At present, a large number of rural teachers are working in vast rural areas in non-State official establishments.

 

The teachers, called daike or temporary teachers, could be employed in more official capacities in the years to come under the blueprint.

 

The national educational blueprint issued recently paints a brighter future for rural education.

 

"The wages for rural teachers may be included in the budget of the Ministry of Education in the future," Lu Yugang, deputy director of the personnel department of the ministry, was quoted as saying by China Business Times.

 

"We propose that a mechanism to guarantee the wage of all teachers be further consummated, and included in the budget.

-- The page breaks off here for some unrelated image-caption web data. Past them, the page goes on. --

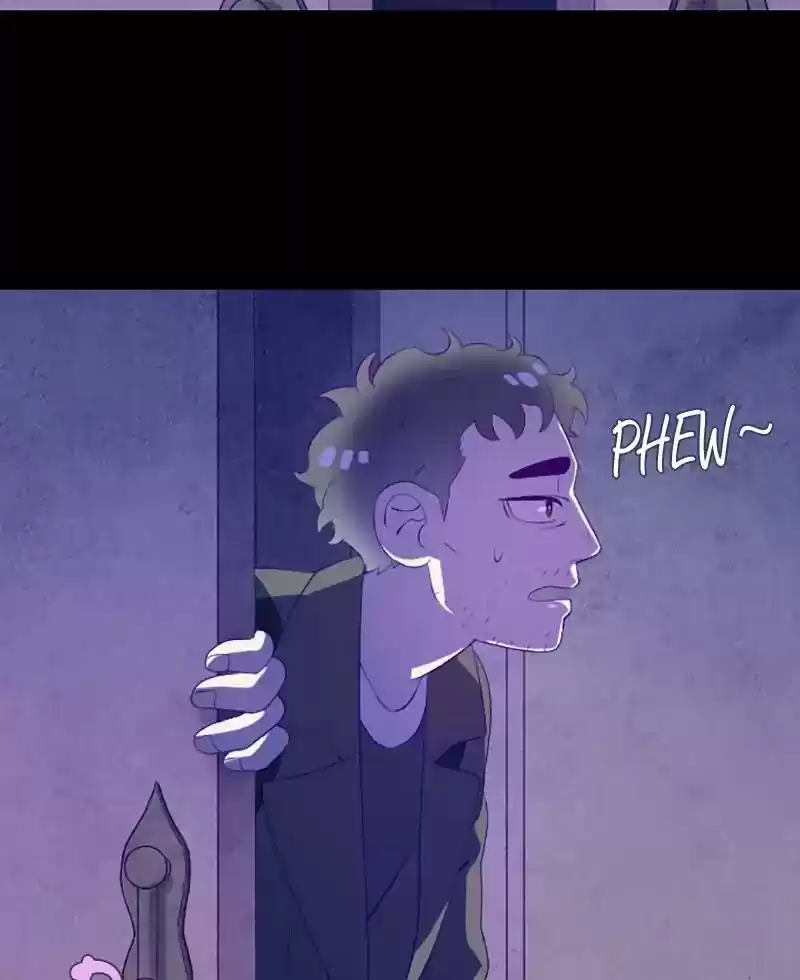 Gwijeongudam Chapter 48: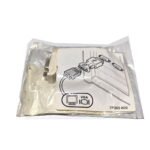 Dell DVI-A to VGA Video Adapter D/PN 0J8461 (QTY 2)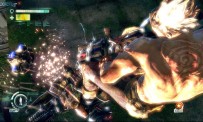 Enslaved : Odyssey to The West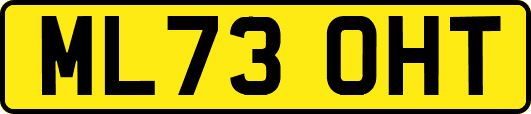 ML73OHT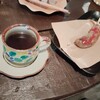 ひょうたん茶屋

At the same time, we will also send more qualified teachers to work in primary and middle schools in remote and poverty-stricken areas," Lu said.

 

Among the areas that will benefit from the new proposals is Shaanxi Province.

 

Teachers there have been playing an important role in rural education, especially in the remote and poverty-stricken rural areas, in past decades.

 

"Their future, to a great degree, relate directly to the rural children's destiny and future, and also relates to the compulsory education sector in the backward western China," said Zhang Yinwei, an official with Shaanxi Provincial Education Bureau.

 

In Shaanxi, an economically underdeveloped inland province in northwest China, there are about 25,000 such teachers who teach more than 500,000 pupils in the province's remote poor rural areas, according to local education authority.

 

The provincial education authority's investigation shows that these teachers only receive 100 yuan (US$12) on average per month, causing them difficulties.

 

"However, they are still persevering with their posts," the official said.

 

One of the teachers who will be welcoming the proposed changes is Yang Shuangcheng.

 

The 40-year-old is the only teacher at Fanjiatai Primary School, which is located in the remote mountainous Fanjiatai Village in Longxian County, a State-level poverty-stricken county in western Shaanxi.

 

Receiving 130 yuan (US$16) per month, Yang teaches 10 pupils aged from nine to 13, who are living in four villages around the school.

 

Like other people in the villages, Yang lives without power supply and prepares his lessons under a kerosene lamp in the evening.

 

"The 10 pupils are in two grades and I teach them language and mathematics. When it snows or rains, the kids suffer because the road is too difficult for them to walk to school. One of my pupils lives some 10 kilometers away from the school and cannot come to school if the weather is bad," Yang said.

 

Corn flour and pickled cabbage are the main food for Yang and his family, and they have to walk more than 30 kilometers to buy articles of daily use, such as salt and oil, in Dianziping Township, the nearest township from the villages.

 

There are about 260 temporary teachers like Yang, one-tenth of the overall number of teachers in Longxian County, who are working in remote rural villages, according to Wang Cangyu, chief of the Personnel Section of Longxian County Education Bureau.

 

Wang told China Daily that there are 207 primary and middle schools in the county, with 46,134 students and 2,374 professional teachers altogether.

 

"The ratio of teachers and students in our county is 1:20, which basically conforms to the stipulations issued by the Ministry of Education," the official said.

 

However, most of the teachers are working in the county seat or township areas, and almost no one wants to stay in remote rural schools for long.

 

"To solve the shortage of professional teachers, the local government has to employ 260 temporary teachers for 44 rural schools in remote rural villages. Like Yang, many of them live in poor conditions," Wang said.

 

According to the official, the county wanted to pay these teachers more, but could not afford to. "If we pay 100 yuan (US$12.3) more for each teacher per month, the county will pay more than 300,000 yuan(US$37,000) annually for the 260 teachers. It is too difficult."

 

Luo Yangmin, an education expert and professor in Shaanxi Normal University, said that the introduction of an employment system to the rural education sector will help provide more teachers for rural areas, and financial support from central government will encourage more teachers to work in rural areas.